Yo no puedo golpear a una persona que está en contra del aborto. Tampoco puedo decirle a esas personas «ojalá te mueras en un aborto clandestino» porque estoy a favor del aborto porque me duele en el cuerpo cada muerte. Me atraviesan como un cuchillo durante todo el día cada femicidio, cada piba desaparecida, cada hije huérfane, cada amigue golpeade, cada discriminación, cada violencia, cada abandono, cada clandestinidad, cada historia. Me clavan una y otra vez el cuchillo patriarcal del agotamiento y del amor roto. Otra piba más muerta por ser piba, otre trans más muerte por ser trans. Lloro cada vez, y tengo la necesidad imperiosa de salir a la calle a vivir el duelo de miles a quienes no conocí con mis hermanas a las que sí conozco, con mis amigues a les que siento cerca y me ayudan a no derrumbarme por el peso de otro cuerpo muerto más.

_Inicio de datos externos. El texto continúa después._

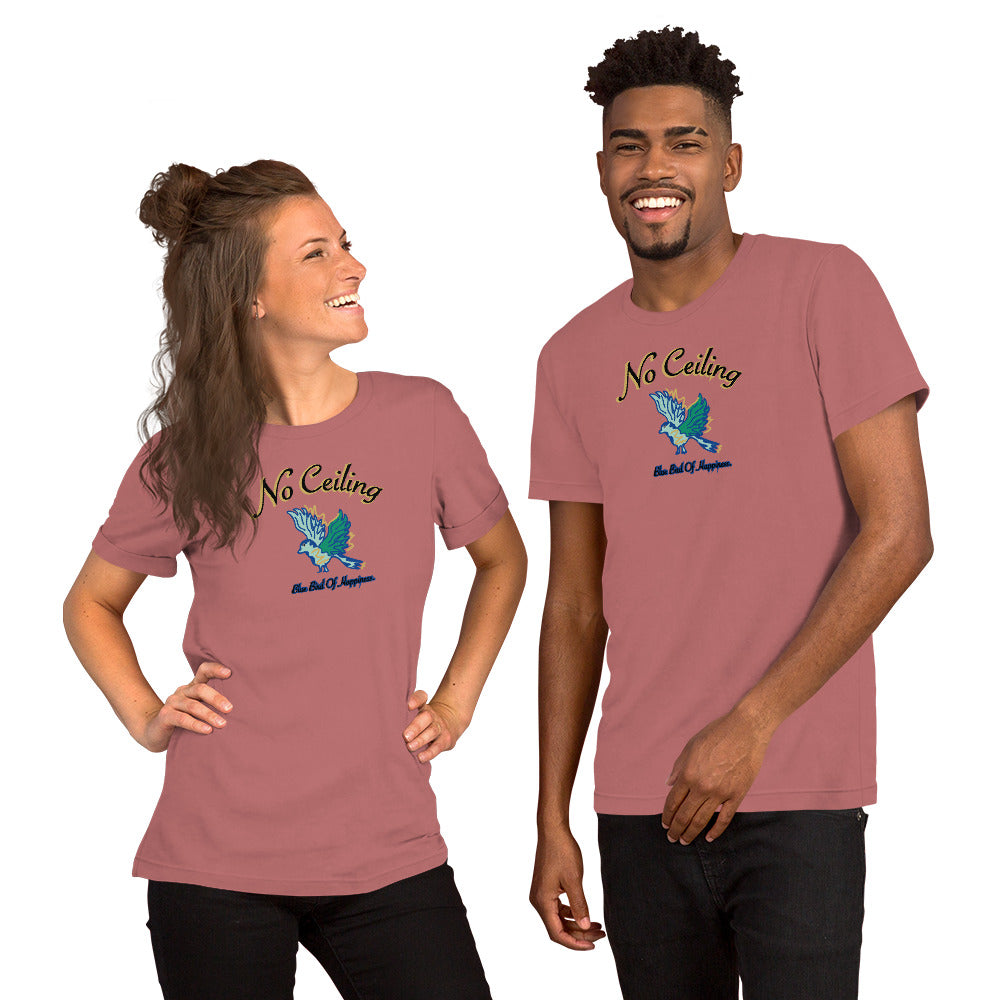 No Ceiling | Short-Sleeve Unisex T-Shirt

Por eso, no puedo discutir con la gente que milita en contra del aborto legal. No puedo bajar a su nivel de cinismo, indiferencia, desprecio por la vida humana. No puedo reducirme a una piltrafa individualista que considera que como no le va a pasar puede mandar al resto a sufrir porque «es su deber«. No puedo dialogar con gente que insiste en que «su posición no daña a nadie» cuando se nos mueren pibas por abortos clandestinos. No puedo conversar con quienes han decidido que tienen el derecho de ignorar las muertes de mujeres porque se ajusta más cómodamente a su propia realidad, y no puedo discutir con esas personas porque yo fui una de ellas en mis absurdos y prejuiciosos diecisiete años, y sé que mantuve esa postura justamente por desprecio y prejuicio. No puedo disculpar su postura ni dispensar su ignorancia. No puedo porque esa ignorancia es cómplice de la indiferencia en la que se abandona a los cuerpos a sufrir la clandestinidad de un aborto y sus terribles consecuencias.

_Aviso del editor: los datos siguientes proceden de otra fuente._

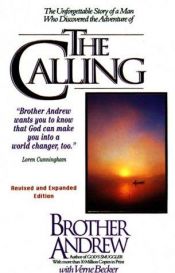 book cover of The Calling by Brother Andrew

Ayer se nos murió la cuarta piba en una semana y media, la segunda en dos días, a causa de un aborto clandestino. Se nos fueron dos pibas, y dejaron un saldo de cinco niñes huérfanes. Aún hoy hay gente antiderechos que no se conmueve y tuitea cegada de odio, exigiendo a través de un ejército de trolls que nada cambie, que sigan muriendo mujeres por abortos clandestinos. Dos se nos fueron en los últimos días. Ojalá nunca, nunca te pase. A nadie más.